System Design FAQ: Top Questions
19. How would you design a Schema Registry System?
A Schema Registry is a centralized repository for managing and validating data schemas (e.g., Avro, Protobuf, JSON). It ensures producer-consumer compatibility in distributed data systems.
📋 Functional Requirements
- Register new schemas for topics (Kafka, streams)
- Enforce schema compatibility (backward, forward, full)

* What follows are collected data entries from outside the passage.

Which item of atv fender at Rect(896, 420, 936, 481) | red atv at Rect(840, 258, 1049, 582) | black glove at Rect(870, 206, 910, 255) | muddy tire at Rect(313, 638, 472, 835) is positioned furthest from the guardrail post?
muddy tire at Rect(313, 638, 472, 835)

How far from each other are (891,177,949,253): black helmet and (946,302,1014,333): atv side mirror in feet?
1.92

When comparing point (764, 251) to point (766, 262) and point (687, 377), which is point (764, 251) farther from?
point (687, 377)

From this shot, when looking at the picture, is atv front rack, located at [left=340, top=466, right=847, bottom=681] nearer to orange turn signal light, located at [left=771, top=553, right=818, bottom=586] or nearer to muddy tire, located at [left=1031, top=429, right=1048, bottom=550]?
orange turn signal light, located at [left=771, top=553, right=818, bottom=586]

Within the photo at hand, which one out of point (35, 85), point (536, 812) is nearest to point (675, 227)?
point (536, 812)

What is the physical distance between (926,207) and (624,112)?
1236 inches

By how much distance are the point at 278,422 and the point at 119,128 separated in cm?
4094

- Support schema versioning and deletion
- Expose APIs for producer/consumer validation
📦 Non-Functional Requirements
- Low-latency schema lookups
- ACID safety for concurrent updates
- Access control on schema modifications
🏗️ Core Architecture
- Storage: PostgreSQL, etcd, or Zookeeper for metadata
- API Layer: REST interface for schema registration and retrieval
- Compatibility Engine: Validation logic for new schema registration
- Cache: In-memory (e.g., Redis or local JVM cache) for fast access
📝 Sample Schema (Avro)
{
"type": "record",
"name": "UserEvent",
"fields": [
{ "name": "user_id", "type": "string" },
{ "name": "action", "type": "string" },
{ "name": "timestamp", "type": "long" }
]
}
🔐 Register Schema API Example (cURL)
curl -X POST http://schema-registry.local/subjects/user-events/versions -H "Content-Type: application/vnd.schemaregistry.v1+json" -d '{"schema": "{"type": "record", "name": "UserEvent", "fields":[...]}"}'
🧠 Compatibility Modes
- BACKWARD: New consumers can read old data
- FORWARD: Old consumers can read new data
- FULL: Both directions guaranteed
🛂 Role-Based Access Control
- Producers: can register/update schemas for allowed topics
- Consumers: can fetch but not modify schemas
- Admins: can delete or force-reset schemas
⚙️ Kafka Compatibility Integration
// Kafka Producer config snippet
props.put("key.serializer", "io.confluent.kafka.serializers.KafkaAvroSerializer");
props.put("value.serializer", "io.confluent.kafka.serializers.KafkaAvroSerializer");
props.put("schema.registry.url", "http://schema-registry.local");
📊 Observability
- Schema registration error rate
- Fetch latency (p95, p99)
- Incompatible schema rejection count
📌 Final Insight
A Schema Registry enforces discipline in event-driven systems, reducing serialization errors and ensuring forward compatibility. It is foundational for stream processing and contract-driven development.